The standard derivation of the birthday paradox computes the probability that ${n}$ i.i.d. samples from the uniform distribution on ${N}$ objects are all distinct. It turns out that this probability quickly approaches 1/2 when ${n=\lceil\sqrt{N\cdot2\ln 2}\rceil}$ , which for ${N=365}$ results in ${n=23}$ . More precisely, the probability that there is a shared birthday among 22 people (and ${N=365}$ ) is 47.57% and for 23 people it becomes 50.73%, which is more than 1/2.

A simple argument shows that the uniform distribution on ${N}$ objects is actually the “worst” case of the birthday paradox, i.e., if the distribution is non-uniform, then the even odds are achieved for smaller ${n}$ .

We know that birthdays are not distributed uniformly due to the annual cycle of festivities, vacations, and religious customs (Lent and Ramadan suppose abstinence; carnivals in Latin America and the Kupala Night–celebration of the summer solstice in Eastern Europe—emphatically do not).
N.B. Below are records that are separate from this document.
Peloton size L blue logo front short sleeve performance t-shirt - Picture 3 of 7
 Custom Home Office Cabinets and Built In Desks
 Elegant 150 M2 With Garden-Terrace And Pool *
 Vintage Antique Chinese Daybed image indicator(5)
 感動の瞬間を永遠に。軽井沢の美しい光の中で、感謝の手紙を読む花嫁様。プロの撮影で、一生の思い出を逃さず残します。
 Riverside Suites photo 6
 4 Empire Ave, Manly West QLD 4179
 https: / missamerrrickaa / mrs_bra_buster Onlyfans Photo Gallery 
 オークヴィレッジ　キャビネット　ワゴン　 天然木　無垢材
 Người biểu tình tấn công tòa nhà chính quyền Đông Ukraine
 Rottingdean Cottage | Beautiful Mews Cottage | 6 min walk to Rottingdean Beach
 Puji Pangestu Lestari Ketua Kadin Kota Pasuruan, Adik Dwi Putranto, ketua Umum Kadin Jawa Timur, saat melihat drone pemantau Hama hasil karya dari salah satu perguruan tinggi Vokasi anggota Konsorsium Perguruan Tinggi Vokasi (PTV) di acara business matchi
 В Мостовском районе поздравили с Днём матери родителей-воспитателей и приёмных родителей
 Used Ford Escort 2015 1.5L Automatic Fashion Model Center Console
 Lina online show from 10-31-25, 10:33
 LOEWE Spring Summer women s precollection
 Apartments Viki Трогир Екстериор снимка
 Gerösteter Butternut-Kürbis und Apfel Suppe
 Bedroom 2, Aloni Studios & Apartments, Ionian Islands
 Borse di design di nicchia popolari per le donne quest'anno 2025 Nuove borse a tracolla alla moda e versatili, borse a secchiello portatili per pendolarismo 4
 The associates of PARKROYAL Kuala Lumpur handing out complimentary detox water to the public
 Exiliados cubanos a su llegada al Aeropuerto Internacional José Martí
Is the non-uniformity of birthdays sufficient to bring down ${n}$ to a value smaller than 23?

The rest of the post is going to be US-centric because my sources are. We first look up the distribution of birth by month from the National Vital Statistics Report released by CDC for the year 2009, the latest available.

month	total births	births per day
January	337,980	10,903
February	316,641	11,309
March	347,803	11,219
April	337,272	11,242
May	345,257	11,137
June	346,971	11,566
July	368,450	11,885
August	359,554	11,599
September	361,922	12,064
October	347,625	11,214
November	320,195	10,673
December	340,995	11,000

Births by month, 2009. Source: National Vital Statistics Report, vol. 60, no. 1.

Although more children were born in July than in any other month, on a per day basis, September comes out ahead. The least fertile month is November, followed by January, with 13% fewer births per day than in September.

Assuming uniform distribution of births within a month, the probability of observing a collision when ${n=22}$ increases slightly to 47.6%.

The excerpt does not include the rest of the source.